C'est au Musée de la Création Franche et à un partage Facebook que je dois cette nouvelle découverte
« Ce qui était typique pour nous, les enfants manouches, c’était de fabriquer des petites caravanes avec des morceaux de bois et on se mettait dedans. On jouait les grands manouches. Sinon quand j’étais petite, je jouais avec n’importe quoi, toute sorte de bricoles mais j’avais eu trois poupées. J’en avais une que j’aimais plus que les autres parce qu’elle était blonde. Je l’avais appelée « Blonda ». Je ne me souviens plus du nom des autres poupées, mais du sien, très bien. Lorsque je partais faire mon numéro au cirque, j’avais toujours peur que mes poupées aient froid. Cela me peinait de les laisser seules car pour moi, elles étaient comme des enfants. Comme j’étais petite, je croyais que mes poupées vivaient et de peur qu’elles prennent froid, je les couvrais».
Il n’est pas vraiment dans les coutumes des tziganes de peindre. Leur culture c’est plutôt la musique, le chant et la danse. Mais Mona aimait le dessin depuis toute petite.

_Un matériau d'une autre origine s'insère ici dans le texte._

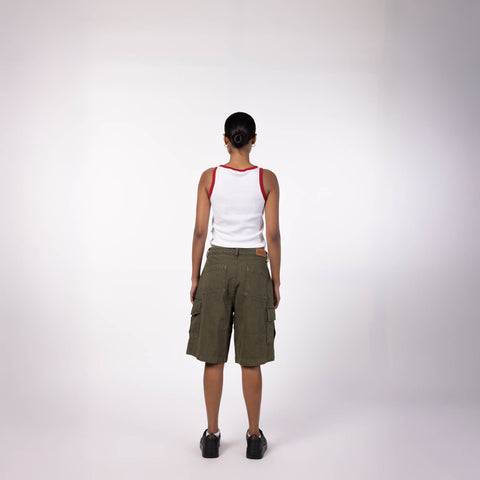 Women Ribbed Tank Top - White with Red Binding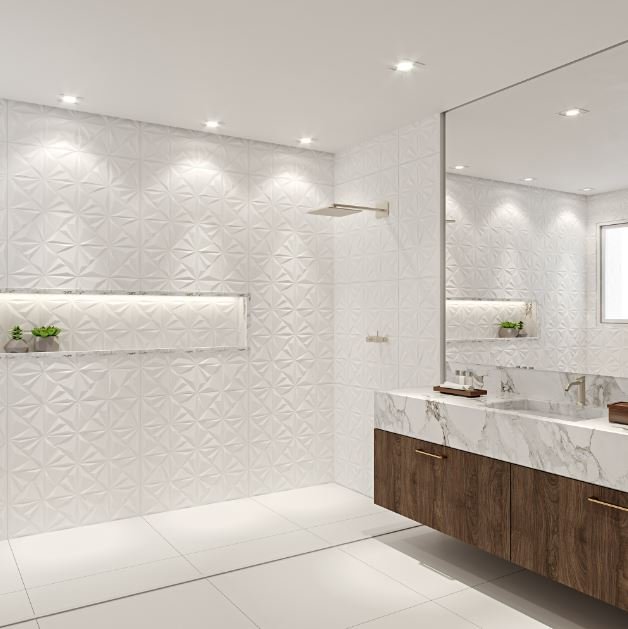 PORCELANATO ACETINADO RELEVO WHITE DECOR 72X72 VIA ROSA (1,55)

Quand elle avait le temps elle allait à l’intérieur du cirque vide et s’amusait à dessiner avec des bouts de bois dans la sciure de la piste du cirque. Parfois elle dessinait avec des crayons, mais elle n’en avait pas toujours car ses parents n’étaient pas très riches, ou alors elle allumait des allumettes, ce qui faisait un peu de charbon de bois, et elle dessinait avec. Sauf qu’il fallait souvent allumer et éteindre la flamme, ce qui devenait fatigant à la longue. Laissons Mona revenir dans ses souvenirs à l’âge de ses douze, treize ans.
« Un jour j’ai acquis une gouache. Je ne sais plus comment je l’ai obtenue, ce n’est pas important. J’étais fascinée et je me suis mis à faire de la peinture à l’eau sur du papier et des cartons, enfin sur tout ce qui me tombait sous la main, sauf les toiles car elles étaient trop chères. Je reproduisais beaucoup les visages par exemple celui de Dalida que j’aimais beaucoup. Mais j’aimais aussi beaucoup peindre la nature, les fleurs… »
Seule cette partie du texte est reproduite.